There were some almshouses which provided meals for their inmates, and some, like the London Charterhouse, still do. But our Charterhouse never did. Food had to be bought out of the weekly allowance or produced on site. So what did the early residents eat, and how did they cook it?
The earliest evidence we have comes from information in the accounts in 1584 and subsequent years. The inmates' accommodation, we learn, included brick-paved kitchens in the wings, a chicken house, a well, a dovecote and a buttery. (We can't be sure that these facilities existed from the outset, two centuries earlier, but the buildings were the originals.) Each of the two wings, for men and women, had a communal kitchen with brick flooring. These would surely have included bread ovens and probably brewing facilities. It suggests that inmates did not have fires in their individual rooms. There was a chicken house, which would only have provided eggs for part of the year; hens did not lay all the year round as they are now bred to do. The dovecote is unusual. These had to be licensed and on manorial land. It came as a surprise to learn that the purpose of dovecotes was not to provide pigeons for food. People only ate the squabs, or young pigeons. However, the feathers were valuable, and the guano on the floor of the dovecote was used as fertiliser. The buttery in the list seems to be a hang-over from monastic terminology. It would have been a store-room for supplies.

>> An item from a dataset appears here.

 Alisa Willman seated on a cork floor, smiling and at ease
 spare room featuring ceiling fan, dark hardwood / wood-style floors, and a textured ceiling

What other means of self-sufficiency might there have been? Bee hives are highly likely. It's quite possible that goats were kept for milk, and even a pig or two. There was land available for growing fruit and vegetables, although not all the inmates would have been physically able to get involved in their cultivation. There is a persistent idea that the medieval peasant diet was drearily monotonous, confined to cabbages, beans and onions with bread; but this is a mistake. Fruits cultivated included apples, pears, plums, strawberries, elderberries and rhubarb. A wide range of vegetables were grown, some of which have now fallen out of favour such as orach and skirret; greens of various species were grown or foraged. It was a largely plant-based diet but it was not necessarily boring. In addition to what was grown or produced on the site, the residents were within easy reach of the markets of Hull, and traders may well have brought their wares to the almshouse. We would expect fish to be an important part of the diet too.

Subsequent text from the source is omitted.